Follow Will: Facebook Twitter

A Yankee Notebook

NUMBER 1753
February 23, 2015

A DOWNHILL PULL ON SPRING

MONTPELIER, VT – If you’ve ever competed in a tug-of-war – at a picnic, maybe, or summer camp – you probably remember the first few seconds of effort after the starting signal, when you could sense whether or not the next few minutes were likely to go well. Your opponents’ strength came telegraphed through the thick rope; you and your teammates were either pulled slightly off your stance or were able to lean back and feel your ability to gain ground. In the first instance, an inarticulate “Uh-oh” took over your minds; in the second, you thought, “Yes! we can do this!” You’re feeling the thrill of what the old loggers used to call a “downhill pull.”

The indoor/outdoor thermometer in the shade on my back porch read minus-six degrees at seven this morning. By noon it had rocketed up to plus-nine. But a rude wind was blowing, in spite of the bright sunlight, and all afternoon the temperature fell back toward zero. Right now, at half-past eight in the evening, it’s down to minus-three. And yet...

And yet there’s no doubt that sugaring is in the air. We’ve got a downhill pull now on spring. Where the sun warms the east side of the garage, out of the wind, little puddles shimmer in front of the doors. It’s a mixed blessing; for the next thing those little puddles will do is flow into the garage, freeze into a smooth sheet of ice, and make just getting to the car door a life-threatening exercise.
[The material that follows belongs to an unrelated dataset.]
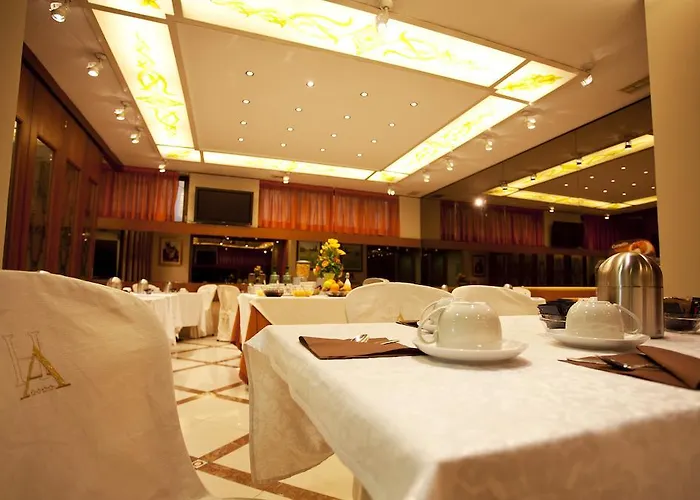 Augustus 4* Ottaviano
The trash cans along the wall will freeze into place. But the next warm day – and there’ll be more and more of them during the next few weeks – I’ll take the ice chisel to it, scrape it off the floor, and toss it out into the yard in hundreds of shiny little shards destined to end up, like everything else currently soluble in the yard, in the Gulf of St. Lawrence.

We designed this place to take advantage of the winter sun, which it does. By one o’clock each sunny afternoon, every thermostat in the house shuts down, and I snooze by the south windows like a painted turtle on a log in August. If I step outside, the smell of wood smoke fills the yard; the furnace damper’s shut down, and the wood in the firebox is just smoldering. Scrooge liked darkness because it was cheap; I like a dampered stove for the same reason. I’ve got only about a third of last fall’s pile left.

I’m installing railings around the front porch on the second floor – or at least I was till the cold drove me indoors for the winter. I’ve got one section up (of six), and can’t wait to finish the job because it looks really good. I’ve got all the material. I piled it in the shop right in my way, so I can’t do anything but railings easily. On the first decent day – which won’t be long now – I’ll start in on the second section, and by the time the phoebes return, we’ll be able to sit out there like squires at five in the afternoon with no more hazard of falling off.

I get e-mail these late February days from friends who’ve gone off to time-shares, condos, and doublewides in the far South. One in particular, who’s paddled many miles with me in the far North – I have pictures of him, muffled in layers of down and GoreTex, with gigantic lake trout and Arctic char – has sent me a shot of himself in shorts, sun-block shirt and hat, and sunglasses, holding a bonefish about as long as his arm. I have declined to admit that I’ve received the picture, and if pressed, will refuse to recognize him or the size of the fish.

A lot of the talk in the coffee shop downtown is likewise of getting away to warmer places. Actually, there’s a lot more of it right here in our living room; Mother’s itching to spend some time walking on earth instead of ice, shucking the long winter coat, and enjoying warm fingers and toes without the help of a hot tub. Southern climes hold no charms for me, so I’ve offered several times to send her to visit her sisters in Georgia. But she has somehow developed the odd notion that 55 years of faithful association entitle her to spousal company. Thus, it appears, I’m going, too.

But not to Georgia; no way. Just to someplace where the flowers will be blooming in March. We’ll go by car – the Prius is amazingly economical for long hauls – and, avoiding the necessity of making plane reservations, can pretty much pick up and go whenever we will. We’ll cross the lake at Charlotte if the ferry’s running (Crown Point if it’s not); then drive down I-87 to I-88; across southern New York State to Binghamton, and south on I-81 to Pennsylvania, the Shenandoah Valley, and the Civil War battlefields of Virginia. We’ll visit the town where we were married (the church has since burned down), the little school in the hills she attended long ago, and look for the new Vermont-at-Cedar-Creek battle monument.

There’ll have to be a couple of days first at the Gettysburg Battlefield, reflecting on the perils of irreconcilable differences and and political intransigence, as well as the irony of the words, “The world will little note nor long remember what we say here.” If it’s not too muddy, I’ll retrace Pickett’s Charge again and visit the bulky monument in the oak woods where Chamberlain’s 20th Maine held the extreme left of the Union line on Day Two.

Then off to Winchester, a much-fought-over railroad junction, and possibly to Stonewall Jackson’s grave and Virginia Military Institute, the school where he taught. Perhaps a drive on the Blue Ridge Parkway (my senior citizen Golden Card gets me free access), and on the way home through Pennsylvania, a stop at one of the state’s amazing package stores for a case of Yingling.

I just realized, as I typed these lines, that anticipation has replaced everything still wintry about our situation, and I’ve hardly noticed that my outdoor thermometer reads minus fourteen.